Pete Caputa, formerly of Hubspot and now tearing it up at Databox, wrote a great article on this subject. https://blog.hubspot.com/sales/how-to-ask-your-prospect-tough-questions
5. Is it (current solution) working?
What are the existing problems, issues, concerns or missed opportunities in their current solution. The sentiment and tone of response will guide as to whether this represents an area you can add value and solve, or whether the opportunities to help are elsewhere.
‘Is it working?’ is not abrasive, but gets immediately to the point of revealing
6. Who else cares about (solving problem/opportunity revealed)?
Creating excitement in solving a problem or adding value is great, but the average B2B sale has 6.8 decision makers involved (https://hbr.org/2017/03/the-new-sales-imperative). Is your guy/gal a decision maker? Who is? And who else will be involved, influence or sign this off?
Asking who is the decision maker can undermine your prospect - or worse, they say they are, but this becomes a half truth at best, but only revealed when it's too late.
This question ensures you understand who else is incentivized to solve this and why, allowing you at probe how you can engage, demonstrate, convince and get the excitement in each and every stakeholder.
7. Where is this on your priorities today?
Excitement is great. Problems may feel like they are there to be solved. Opportunities a no brainer to unlock. But nothing happens if it is not important enough and time bound - ideally with a compelling reason.
This question reveals how important this is and allows you to subsequently determine the compelling event and timescale to a successful sale.
8. If we fixed that, what would that mean?
What is the value of making this change - solving this problem or exploiting this opportunity? What changes or happens? These may of course be financial, resources, focus, strategic, risk mitigation. It also may be very personal - and you should ask that too.
The subtly is in the word ‘we’. Subliminally ‘we’ are now going to solve this problem together.
9. Are you ready to solve this now?
Does urgency exist? Is there a compelling event? Why?
If they are not yet ready to ‘solve this’, it will reveal the reasons, hurdles or timescales so that you can address, mitigate or work with.
Or reveal that it is not as compelling as the excitement or fit initially suggested.
10. If I can propose a solution, what would we need to do to make that happen?
Before even revealing how, can we understand the steps to making this happen. This presents a clear roadmap on how such a solution gets approved.
It's also coupling the solution just about (but not yet) revealed to this roadmap or series of actions.
11. What’s going to stop us working together by xx (‘end of this month’)?
Tried and tested to reveal any hurdles or actions not yet spoken or discussed, but the key is to make this time-bound.
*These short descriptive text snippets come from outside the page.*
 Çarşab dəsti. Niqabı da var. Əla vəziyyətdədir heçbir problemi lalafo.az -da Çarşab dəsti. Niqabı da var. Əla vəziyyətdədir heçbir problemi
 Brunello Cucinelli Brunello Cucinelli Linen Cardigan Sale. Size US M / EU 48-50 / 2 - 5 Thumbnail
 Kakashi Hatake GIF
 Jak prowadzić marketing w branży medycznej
What will stop this potentially happening within a timescale you are just about to add to your CRM? What are the risks, hurdles, people and required actions that may stop, or delay this happening.
12. What’s stopped you solving this previously?
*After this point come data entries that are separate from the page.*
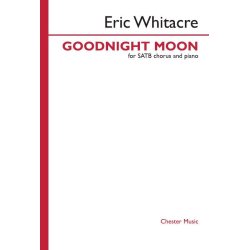 Eric Whitacre: Goodnight Moon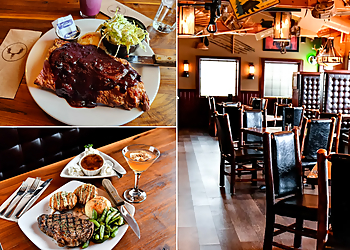 Spokane American Restaurants Rusty Moose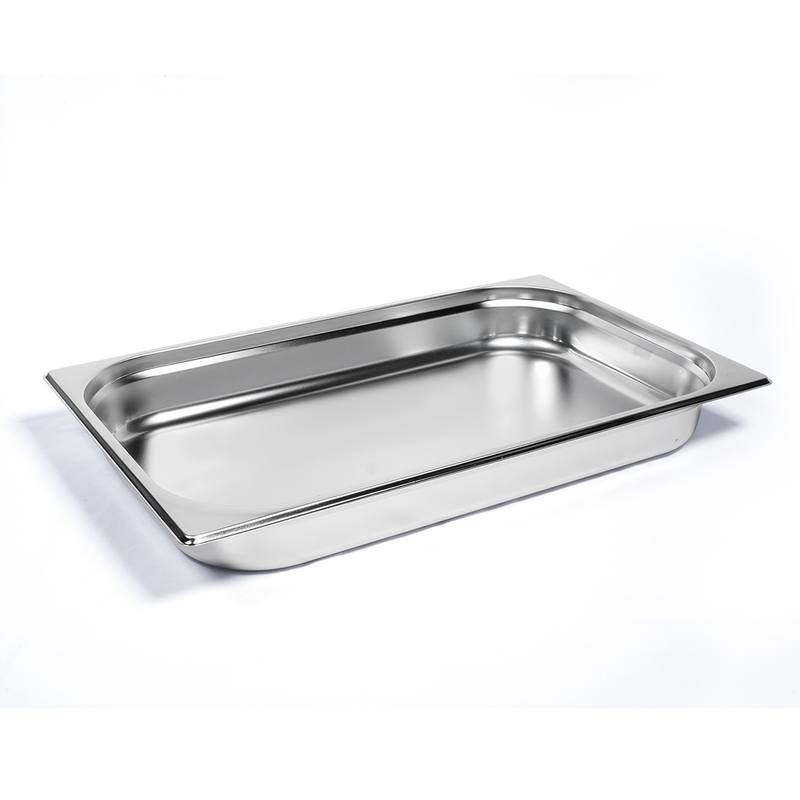 Vague Stainless Steel Gastronorm Pan GN 1/1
Likely the problem or opportunity isn’t new. And it hasn’t been previously fixed. Why? Priorities? Cost? Ability?
But what has changed? Is it as simple as you present a unique way to them to achieve this within the commercials, resources and power they possess?
Or has it not been compelling enough, high enough priority, tried and failed or so on.
13. What are your other options to solve this?
Whilst this can reveal direct competitors, the likely competition will be to do nothing, or an alternative way to achieve the desired outcome.
By understanding, dismissing, articulating the benefits and value over these alternatives, your solution can become the ‘best solution’.